Subject: Re: nore on disk stats
To: Charles Hannum <Charles-Hannum@deshaw.com>
From: Perry E. Metzger <email@example.com>
Date: 11/14/1995 15:09:31
Charles Hannum writes:
> First of all, it's important to recognize that parsing the output of
> dmesg(8), or anything similar, is a gross hack, and making that more
> friendly is just continuing down the wrong path.
Agreed. I abandoned that idea. I have been playing more recently with
the stuff Jason Thorpe gave me to walk the device tables, but thats
not necessarily a final solution either.
> Here's what I believe we should do:
> Change sysctl(2) to take (in essence) SNMP-like queries. It's pretty
> similar to this already, but needs some tweaking. Change things like
> the network statistics to work according to SNMP conventions.
Having sysctl() be extensible and walkable without having to have lots
of preknowledge of what is in the MIB is good. I think that trying to
be SNMPlike is bad. I'm not a big SNMP fan.
> Modify programs like netstat(1) to use SNMP (or just grab the freely
> available tools and use them, where possible).
Ick. I wouldn't mind having netstat use sysctl(), but I think that
going for SNMP is REALLY BAD here. Why? On many machines I run, I need
to get that sort of information out without running any daemons on the
machine -- indeed, all my machines at home listen to the network
minimally if at all. This is important for security at many
sites. Besides, the idea of making system utilities like netstat
dependant on having a daemon running just plain feels bad.
On the other hand, having netstat and other utilities (including ps
and others) use sysctl() could be potentially really good, both from a
point of view of cleanliness of interface and because such utilities
might not need suid privs any more, which can improve security a lot.
> 4) With everything accessible via SNMP, machines can be managed
Again, although this is technically what the standards say you should
do, I'm not sure it actually feels good.
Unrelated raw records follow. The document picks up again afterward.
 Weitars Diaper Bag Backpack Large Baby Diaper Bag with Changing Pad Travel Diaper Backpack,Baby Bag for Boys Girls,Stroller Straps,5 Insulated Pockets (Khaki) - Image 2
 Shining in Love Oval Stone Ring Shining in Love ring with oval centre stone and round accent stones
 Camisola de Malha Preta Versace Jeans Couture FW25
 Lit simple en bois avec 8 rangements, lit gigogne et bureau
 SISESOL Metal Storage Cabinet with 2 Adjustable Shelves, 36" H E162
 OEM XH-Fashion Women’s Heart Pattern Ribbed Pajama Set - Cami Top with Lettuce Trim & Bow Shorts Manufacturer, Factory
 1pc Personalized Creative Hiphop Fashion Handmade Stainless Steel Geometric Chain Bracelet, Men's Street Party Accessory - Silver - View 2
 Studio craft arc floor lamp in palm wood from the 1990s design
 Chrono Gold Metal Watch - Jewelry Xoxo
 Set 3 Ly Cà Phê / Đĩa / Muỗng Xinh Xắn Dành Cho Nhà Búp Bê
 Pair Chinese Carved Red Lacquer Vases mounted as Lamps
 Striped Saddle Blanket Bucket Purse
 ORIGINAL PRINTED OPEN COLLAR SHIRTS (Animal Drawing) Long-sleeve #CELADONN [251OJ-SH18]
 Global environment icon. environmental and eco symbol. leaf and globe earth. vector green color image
I've been in environments
where people have experimented with lots of remote management tools,
and SNMP is great for getting stats off of routers but lousy for
actually altering their configurations -- and it seems like a lose for
I would argue that rather than thinking in SNMP terms, we should take
the part that is good -- the idea of having sysctl() support returning
enough information that clients can walk its MIBs extensibly and
cleanly -- and put lots of other stuff in sysctl(). This has all the
advantages you cite and none of the SNMP cruft.
To make implementing SNMP daemons easier, it *might* be a good idea to
make some of the sysctl() network statistics MIBs closer to the SNMP
network management MIBs -- but thats another story.